Dr. Harris: [2:35] This is in a way a kind of modern memento mori. It’s not like Masaccio’s “Trinity” where we have a skeleton reminding us of death, connected to a religious painting. This is a secular image that’s been transformed into a painting with a spiritual message, reminding us of the passage of time, that death can come at any time to any one of us.
[3:00] In a way I wonder if it has a more secular message, too. Not so much that we better prepare for our salvation through Christ, but maybe also to enjoy and live life to its fullest while we have it.
Dr. Zucker: [3:15] So, through the beauty and the visual specificity, there’s a kind of real connection to the physical world, even though the message is very much about that transition.

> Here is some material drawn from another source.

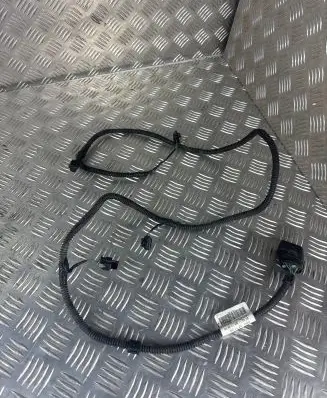 Volkswagen Jetta VI Parking sensor (PDC) wiring loom 5C0971095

[3:25] What I find really brilliant is that here, completely within the industrial world now, within our scientific world, the artist is able to re-imbue a direct physical sense of the spiritual in a way that seems very authentic, that doesn’t need any of the artifice of the Renaissance, of the Baroque, but is able to find a kind of spirituality within the modern world.
[3:47] [music]
Inspired by the sunset
An October sunset was the inspiration for the evocative The Vale of Rest by John Everett Millais. In the foreground, two nuns in the graveyard, one digging and one looking out at the viewer, serve as a counterpoint to the colorful display of nature in the background. The scene is peaceful, tranquil, and without the explicit narrative often found in Victorian paintings (think about Hunt’s Awakening Conscience for example), but it is nonetheless rich in symbolism. The artist himself stated that this was his favorite painting.

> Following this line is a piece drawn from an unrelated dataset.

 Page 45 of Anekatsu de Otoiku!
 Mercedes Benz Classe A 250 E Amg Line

Mortality & the cycles of nature
Millais apparently thought of the painting as a companion to his painting Spring (1856-9), also first exhibited at the Royal Academy in 1859. Both together and separately, the two pictures relate to the traditional theme of mortality and the cycles of nature. The autumn setting of The Vale of Rest emphasizes the annual reminder of death in the falling foliage and shortened hours of daylight. This feeling is emphasized by the two nuns, one vigorously digging a grave and the other who prominently wears a rosary attached to a skull. The quiet of the scene is marred only by the sound of the shovel as it hits the dirt.
Painted out-of-doors
Although we often associate artists painting outdoors to capture the effects of light with Monet, Renoir and the Impressionist group, the Pre-Raphaelites also painted outdoors. The background of this painting is the garden of Millais’ in-laws home in Perth, Scotland, except, of course, for the gravestones, which were painted in Kinnoull churchyard, Perth. According to a long description of the production of the painting by his wife, Effie and recorded by their son J.G. Millais, “the sunsets were lovely for two or three nights . . . the effect lasted so short a time that he had to paint like lightning.” In a letter to William Holman Hunt, Millais tells his friend that he was painting the picture, figures and all, outdoors, despite the fact that it was extremely cold.
Growing success
In many of the paintings completed after The Vale of Rest, Millais began to move towards more saleable pictures. Although he had moved to Scotland after his marriage in July 1855, Millais and family returned to London in 1861, and many have argued that the change in his work reflects the need to support his growing family. He was to be increasingly successful, being elected RA (Royal Academician) in 1863 and ultimately serving as the President of the Royal Academy, although briefly, from early 1896 until his death in August of that year. In 1885 Millais also had the distinction of being the first artist to be created a baronet.
The Vale of Rest is a transitional work in Victorian art. The attention to detail and truth to nature are firmly rooted in Pre-Raphaelitism, while the lack of a clear subject relates to the new ideas of the Aesthetic Movement and the concept of art for arts sake, which was to become so prominent in the 1860s and 70s. The quiet and contemplative mood of the painting encourages the viewer to enjoy the beauty of nature, while, perhaps, also pondering our own mortality.